How to complete this task: The answer must be an exact copy of every record.

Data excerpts
· · · · ·

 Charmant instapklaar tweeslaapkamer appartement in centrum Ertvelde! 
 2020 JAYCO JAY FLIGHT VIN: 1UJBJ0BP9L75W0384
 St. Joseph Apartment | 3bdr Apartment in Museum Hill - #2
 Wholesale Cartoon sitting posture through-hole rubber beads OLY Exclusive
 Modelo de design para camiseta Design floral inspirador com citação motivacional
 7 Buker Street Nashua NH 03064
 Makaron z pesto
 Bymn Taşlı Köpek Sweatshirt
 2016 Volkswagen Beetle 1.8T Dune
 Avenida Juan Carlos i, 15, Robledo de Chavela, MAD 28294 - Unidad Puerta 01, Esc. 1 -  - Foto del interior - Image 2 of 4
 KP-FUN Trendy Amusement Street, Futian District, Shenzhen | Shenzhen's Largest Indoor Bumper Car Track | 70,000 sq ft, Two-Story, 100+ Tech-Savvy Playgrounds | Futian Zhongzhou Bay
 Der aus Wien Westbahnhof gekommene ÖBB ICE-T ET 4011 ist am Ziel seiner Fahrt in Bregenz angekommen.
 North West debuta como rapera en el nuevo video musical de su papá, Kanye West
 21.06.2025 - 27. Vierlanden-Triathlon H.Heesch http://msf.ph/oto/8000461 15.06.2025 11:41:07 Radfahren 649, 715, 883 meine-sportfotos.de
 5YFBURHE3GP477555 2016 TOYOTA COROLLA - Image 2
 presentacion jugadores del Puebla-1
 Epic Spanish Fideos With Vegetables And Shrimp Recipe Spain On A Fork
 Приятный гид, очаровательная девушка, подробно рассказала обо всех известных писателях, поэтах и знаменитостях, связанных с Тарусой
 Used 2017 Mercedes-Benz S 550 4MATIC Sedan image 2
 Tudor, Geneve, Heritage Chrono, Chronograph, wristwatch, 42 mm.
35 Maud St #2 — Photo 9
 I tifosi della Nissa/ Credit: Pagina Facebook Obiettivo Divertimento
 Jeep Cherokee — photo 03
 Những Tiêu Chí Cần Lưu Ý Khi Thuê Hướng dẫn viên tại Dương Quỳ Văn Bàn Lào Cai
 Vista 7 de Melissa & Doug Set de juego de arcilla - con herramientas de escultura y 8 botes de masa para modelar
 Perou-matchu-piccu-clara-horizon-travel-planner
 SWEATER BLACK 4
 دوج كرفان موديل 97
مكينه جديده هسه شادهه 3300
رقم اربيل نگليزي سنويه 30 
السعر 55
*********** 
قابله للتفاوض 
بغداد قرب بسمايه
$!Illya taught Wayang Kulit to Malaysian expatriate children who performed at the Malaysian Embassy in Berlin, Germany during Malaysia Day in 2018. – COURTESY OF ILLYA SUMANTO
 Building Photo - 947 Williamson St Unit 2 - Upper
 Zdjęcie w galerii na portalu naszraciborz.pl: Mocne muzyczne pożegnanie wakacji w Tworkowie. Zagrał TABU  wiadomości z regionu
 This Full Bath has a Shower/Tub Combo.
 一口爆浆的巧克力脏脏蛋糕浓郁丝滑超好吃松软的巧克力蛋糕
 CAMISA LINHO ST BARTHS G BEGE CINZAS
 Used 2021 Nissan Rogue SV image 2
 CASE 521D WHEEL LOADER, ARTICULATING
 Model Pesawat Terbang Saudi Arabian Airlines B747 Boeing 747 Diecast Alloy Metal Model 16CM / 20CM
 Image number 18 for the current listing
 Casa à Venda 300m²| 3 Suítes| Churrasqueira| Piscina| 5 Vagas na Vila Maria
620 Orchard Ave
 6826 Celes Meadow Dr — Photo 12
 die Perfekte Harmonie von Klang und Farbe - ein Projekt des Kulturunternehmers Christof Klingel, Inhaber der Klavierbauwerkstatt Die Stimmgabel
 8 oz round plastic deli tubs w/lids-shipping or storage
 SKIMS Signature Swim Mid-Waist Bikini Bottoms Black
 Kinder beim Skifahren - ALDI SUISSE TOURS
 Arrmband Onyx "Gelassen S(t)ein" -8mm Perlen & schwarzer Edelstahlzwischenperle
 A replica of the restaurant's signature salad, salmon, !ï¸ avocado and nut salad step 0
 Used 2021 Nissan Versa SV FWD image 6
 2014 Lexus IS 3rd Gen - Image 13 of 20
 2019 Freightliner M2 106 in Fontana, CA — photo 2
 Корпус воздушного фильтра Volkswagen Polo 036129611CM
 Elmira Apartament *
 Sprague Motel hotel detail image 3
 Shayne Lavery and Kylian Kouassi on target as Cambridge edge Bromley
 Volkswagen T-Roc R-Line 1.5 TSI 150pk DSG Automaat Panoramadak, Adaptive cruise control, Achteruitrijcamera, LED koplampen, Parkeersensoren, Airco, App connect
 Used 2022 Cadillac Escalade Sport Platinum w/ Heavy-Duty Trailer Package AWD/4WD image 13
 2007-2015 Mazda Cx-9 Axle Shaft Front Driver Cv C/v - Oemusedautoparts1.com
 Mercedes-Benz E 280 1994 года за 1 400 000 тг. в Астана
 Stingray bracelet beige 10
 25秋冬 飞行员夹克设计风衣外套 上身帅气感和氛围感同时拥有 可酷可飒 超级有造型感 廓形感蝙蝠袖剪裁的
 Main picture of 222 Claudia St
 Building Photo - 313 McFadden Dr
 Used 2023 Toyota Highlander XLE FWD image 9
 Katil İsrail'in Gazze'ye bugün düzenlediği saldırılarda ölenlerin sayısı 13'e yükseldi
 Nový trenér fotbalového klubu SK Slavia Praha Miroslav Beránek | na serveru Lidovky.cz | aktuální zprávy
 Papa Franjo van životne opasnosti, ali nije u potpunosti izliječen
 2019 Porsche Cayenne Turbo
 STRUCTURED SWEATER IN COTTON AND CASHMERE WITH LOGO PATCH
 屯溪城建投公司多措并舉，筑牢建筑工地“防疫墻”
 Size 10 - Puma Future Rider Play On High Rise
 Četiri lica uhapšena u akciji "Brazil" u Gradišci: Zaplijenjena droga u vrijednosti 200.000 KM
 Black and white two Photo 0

· · · · ·

Written solution:
 Charmant instapklaar tweeslaapkamer appartement in centrum Ertvelde! 
 2020 JAYCO JAY FLIGHT VIN: 1UJBJ0BP9L75W0384
 St. Joseph Apartment | 3bdr Apartment in Museum Hill - #2
 Wholesale Cartoon sitting posture through-hole rubber beads OLY Exclusive
 Modelo de design para camiseta Design floral inspirador com citação motivacional
 7 Buker Street Nashua NH 03064
 Makaron z pesto
 Bymn Taşlı Köpek Sweatshirt
 2016 Volkswagen Beetle 1.8T Dune
 Avenida Juan Carlos i, 15, Robledo de Chavela, MAD 28294 - Unidad Puerta 01, Esc. 1 -  - Foto del interior - Image 2 of 4
 KP-FUN Trendy Amusement Street, Futian District, Shenzhen | Shenzhen's Largest Indoor Bumper Car Track | 70,000 sq ft, Two-Story, 100+ Tech-Savvy Playgrounds | Futian Zhongzhou Bay
 Der aus Wien Westbahnhof gekommene ÖBB ICE-T ET 4011 ist am Ziel seiner Fahrt in Bregenz angekommen.
 North West debuta como rapera en el nuevo video musical de su papá, Kanye West
 21.06.2025 - 27. Vierlanden-Triathlon H.Heesch http://msf.ph/oto/8000461 15.06.2025 11:41:07 Radfahren 649, 715, 883 meine-sportfotos.de
 5YFBURHE3GP477555 2016 TOYOTA COROLLA - Image 2
 presentacion jugadores del Puebla-1
 Epic Spanish Fideos With Vegetables And Shrimp Recipe Spain On A Fork
 Приятный гид, очаровательная девушка, подробно рассказала обо всех известных писателях, поэтах и знаменитостях, связанных с Тарусой
 Used 2017 Mercedes-Benz S 550 4MATIC Sedan image 2
 Tudor, Geneve, Heritage Chrono, Chronograph, wristwatch, 42 mm.
35 Maud St #2 — Photo 9
 I tifosi della Nissa/ Credit: Pagina Facebook Obiettivo Divertimento
 Jeep Cherokee — photo 03
 Những Tiêu Chí Cần Lưu Ý Khi Thuê Hướng dẫn viên tại Dương Quỳ Văn Bàn Lào Cai
 Vista 7 de Melissa & Doug Set de juego de arcilla - con herramientas de escultura y 8 botes de masa para modelar
 Perou-matchu-piccu-clara-horizon-travel-planner
 SWEATER BLACK 4
 دوج كرفان موديل 97
مكينه جديده هسه شادهه 3300
رقم اربيل نگليزي سنويه 30 
السعر 55
*********** 
قابله للتفاوض 
بغداد قرب بسمايه
$!Illya taught Wayang Kulit to Malaysian expatriate children who performed at the Malaysian Embassy in Berlin, Germany during Malaysia Day in 2018. – COURTESY OF ILLYA SUMANTO
 Building Photo - 947 Williamson St Unit 2 - Upper
 Zdjęcie w galerii na portalu naszraciborz.pl: Mocne muzyczne pożegnanie wakacji w Tworkowie. Zagrał TABU  wiadomości z regionu
 This Full Bath has a Shower/Tub Combo.
 一口爆浆的巧克力脏脏蛋糕浓郁丝滑超好吃松软的巧克力蛋糕
 CAMISA LINHO ST BARTHS G BEGE CINZAS
 Used 2021 Nissan Rogue SV image 2
 CASE 521D WHEEL LOADER, ARTICULATING
 Model Pesawat Terbang Saudi Arabian Airlines B747 Boeing 747 Diecast Alloy Metal Model 16CM / 20CM
 Image number 18 for the current listing
 Casa à Venda 300m²| 3 Suítes| Churrasqueira| Piscina| 5 Vagas na Vila Maria
620 Orchard Ave
 6826 Celes Meadow Dr — Photo 12
 die Perfekte Harmonie von Klang und Farbe - ein Projekt des Kulturunternehmers Christof Klingel, Inhaber der Klavierbauwerkstatt Die Stimmgabel
 8 oz round plastic deli tubs w/lids-shipping or storage
 SKIMS Signature Swim Mid-Waist Bikini Bottoms Black
 Kinder beim Skifahren - ALDI SUISSE TOURS
 Arrmband Onyx "Gelassen S(t)ein" -8mm Perlen & schwarzer Edelstahlzwischenperle
 A replica of the restaurant's signature salad, salmon, !ï¸ avocado and nut salad step 0
 Used 2021 Nissan Versa SV FWD image 6
 2014 Lexus IS 3rd Gen - Image 13 of 20
 2019 Freightliner M2 106 in Fontana, CA — photo 2
 Корпус воздушного фильтра Volkswagen Polo 036129611CM
 Elmira Apartament *
 Sprague Motel hotel detail image 3
 Shayne Lavery and Kylian Kouassi on target as Cambridge edge Bromley
 Volkswagen T-Roc R-Line 1.5 TSI 150pk DSG Automaat Panoramadak, Adaptive cruise control, Achteruitrijcamera, LED koplampen, Parkeersensoren, Airco, App connect
 Used 2022 Cadillac Escalade Sport Platinum w/ Heavy-Duty Trailer Package AWD/4WD image 13
 2007-2015 Mazda Cx-9 Axle Shaft Front Driver Cv C/v - Oemusedautoparts1.com
 Mercedes-Benz E 280 1994 года за 1 400 000 тг. в Астана
 Stingray bracelet beige 10
 25秋冬 飞行员夹克设计风衣外套 上身帅气感和氛围感同时拥有 可酷可飒 超级有造型感 廓形感蝙蝠袖剪裁的
 Main picture of 222 Claudia St
 Building Photo - 313 McFadden Dr
 Used 2023 Toyota Highlander XLE FWD image 9
 Katil İsrail'in Gazze'ye bugün düzenlediği saldırılarda ölenlerin sayısı 13'e yükseldi
 Nový trenér fotbalového klubu SK Slavia Praha Miroslav Beránek | na serveru Lidovky.cz | aktuální zprávy
 Papa Franjo van životne opasnosti, ali nije u potpunosti izliječen
 2019 Porsche Cayenne Turbo
 STRUCTURED SWEATER IN COTTON AND CASHMERE WITH LOGO PATCH
 屯溪城建投公司多措并舉，筑牢建筑工地“防疫墻”
 Size 10 - Puma Future Rider Play On High Rise
 Četiri lica uhapšena u akciji "Brazil" u Gradišci: Zaplijenjena droga u vrijednosti 200.000 KM
 Black and white two Photo 0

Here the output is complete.